However,  looking at the big picture it didn't exude the same level of emotion that the previous one did, so I wasn't as invested in it. In chapter 1, there was an almost crippling sense of grief and loss and avoidance. Here, when Dr. S did have proof that T was dead, I expected more of a reaction, but she almost seemed numb, too distracted by the impossibility of the place she was in. I think there is potential in this scene for the begining of healing, and I was thinking it was going to revolve around discovering what made this seemingly  impossible place possible, but then there is going to be a spaceship, and they're going to attempt to leave, and now I'm wondering if this blip of habitable land is even going to matter at all in the story. 
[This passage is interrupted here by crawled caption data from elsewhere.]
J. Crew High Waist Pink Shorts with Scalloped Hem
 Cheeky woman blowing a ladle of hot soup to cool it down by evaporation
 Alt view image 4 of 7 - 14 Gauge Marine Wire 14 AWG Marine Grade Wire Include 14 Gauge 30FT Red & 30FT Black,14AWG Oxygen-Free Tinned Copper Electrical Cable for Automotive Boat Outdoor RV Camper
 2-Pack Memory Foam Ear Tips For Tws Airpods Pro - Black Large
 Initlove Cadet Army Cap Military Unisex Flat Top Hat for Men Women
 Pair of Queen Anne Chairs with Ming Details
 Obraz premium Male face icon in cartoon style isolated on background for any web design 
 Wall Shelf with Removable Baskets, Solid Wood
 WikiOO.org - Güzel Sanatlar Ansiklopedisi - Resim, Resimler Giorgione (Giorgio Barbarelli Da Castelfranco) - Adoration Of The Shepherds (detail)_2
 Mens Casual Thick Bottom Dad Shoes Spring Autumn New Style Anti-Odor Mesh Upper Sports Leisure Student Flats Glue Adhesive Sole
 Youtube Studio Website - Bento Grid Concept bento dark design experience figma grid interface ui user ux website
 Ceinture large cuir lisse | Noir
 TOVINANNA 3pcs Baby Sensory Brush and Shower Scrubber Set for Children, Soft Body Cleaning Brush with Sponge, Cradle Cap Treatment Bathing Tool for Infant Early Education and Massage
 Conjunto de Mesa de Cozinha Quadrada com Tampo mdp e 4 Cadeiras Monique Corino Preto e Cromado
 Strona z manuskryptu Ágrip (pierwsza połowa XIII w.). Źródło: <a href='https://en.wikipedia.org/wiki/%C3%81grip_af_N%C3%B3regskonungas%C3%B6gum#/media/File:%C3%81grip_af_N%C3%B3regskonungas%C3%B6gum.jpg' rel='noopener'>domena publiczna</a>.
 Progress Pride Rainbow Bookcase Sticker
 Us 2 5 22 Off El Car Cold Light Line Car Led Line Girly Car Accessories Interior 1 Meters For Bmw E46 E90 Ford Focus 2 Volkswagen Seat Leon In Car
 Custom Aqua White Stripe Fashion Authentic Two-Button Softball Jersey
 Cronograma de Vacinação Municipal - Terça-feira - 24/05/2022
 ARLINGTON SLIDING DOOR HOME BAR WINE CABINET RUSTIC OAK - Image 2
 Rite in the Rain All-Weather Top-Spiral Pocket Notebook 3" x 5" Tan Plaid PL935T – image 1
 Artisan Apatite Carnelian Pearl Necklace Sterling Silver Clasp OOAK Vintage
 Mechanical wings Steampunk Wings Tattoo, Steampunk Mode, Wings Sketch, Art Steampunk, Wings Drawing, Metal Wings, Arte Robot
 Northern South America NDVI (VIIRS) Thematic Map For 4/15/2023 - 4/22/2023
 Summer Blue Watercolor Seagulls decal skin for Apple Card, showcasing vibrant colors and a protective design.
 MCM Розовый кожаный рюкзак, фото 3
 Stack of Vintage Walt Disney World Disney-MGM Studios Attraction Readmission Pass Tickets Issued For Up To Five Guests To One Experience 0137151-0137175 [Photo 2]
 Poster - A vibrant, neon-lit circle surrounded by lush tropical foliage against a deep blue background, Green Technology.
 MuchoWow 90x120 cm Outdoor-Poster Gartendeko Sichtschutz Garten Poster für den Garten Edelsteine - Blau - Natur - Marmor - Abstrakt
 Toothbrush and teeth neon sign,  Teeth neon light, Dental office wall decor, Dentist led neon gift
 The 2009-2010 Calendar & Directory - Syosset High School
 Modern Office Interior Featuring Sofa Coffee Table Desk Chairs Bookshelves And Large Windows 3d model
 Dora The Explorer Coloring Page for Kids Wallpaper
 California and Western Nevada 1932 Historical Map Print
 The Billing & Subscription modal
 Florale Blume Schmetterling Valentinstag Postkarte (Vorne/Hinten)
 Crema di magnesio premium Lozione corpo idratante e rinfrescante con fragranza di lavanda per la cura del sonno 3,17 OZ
Here are few as I read notes:

"...headband cost five days. Less if you work faster..." I was a little confused by this. I thought I might be missing some context about the world that I needed to understand it. Is it common to trade labor? No one has even mentioned a specific kind of labor.

"Earther." Ponytail's ..." "Guilty"  The significance of this wasn't clear. I get that Dr. S is from Earth and that not all the people here lived on Earth or even remember it if they did, but I'm wondering, why is it used as an insult? What does it really mean in this context? Spending too much time thinking about it pulled me out of the story.

"We haven't read it. Much." This seemed at odds with the brevity of the letter.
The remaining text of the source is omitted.